::: DATA FOR THE TASK :::

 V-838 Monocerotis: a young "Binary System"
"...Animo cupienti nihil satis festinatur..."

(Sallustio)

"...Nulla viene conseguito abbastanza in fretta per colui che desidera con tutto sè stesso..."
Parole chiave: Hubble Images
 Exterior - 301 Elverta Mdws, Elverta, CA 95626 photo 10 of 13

:::
::: DATA FOR THE TASK :::

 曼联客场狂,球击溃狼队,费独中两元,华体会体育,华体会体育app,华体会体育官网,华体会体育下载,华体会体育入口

:::

#### [ABOUT THIS TASK]
Could you retype exactly the lines above, starting at the line that contains "V-838 Monocerotis: a" and ending at the line that contains "Parole chiave: Hubble Images", and nothing more?

#### [EXERCISE RESPONSE]
 V-838 Monocerotis: a young "Binary System"
"...Animo cupienti nihil satis festinatur..."

(Sallustio)

"...Nulla viene conseguito abbastanza in fretta per colui che desidera con tutto sè stesso..."
Parole chiave: Hubble Images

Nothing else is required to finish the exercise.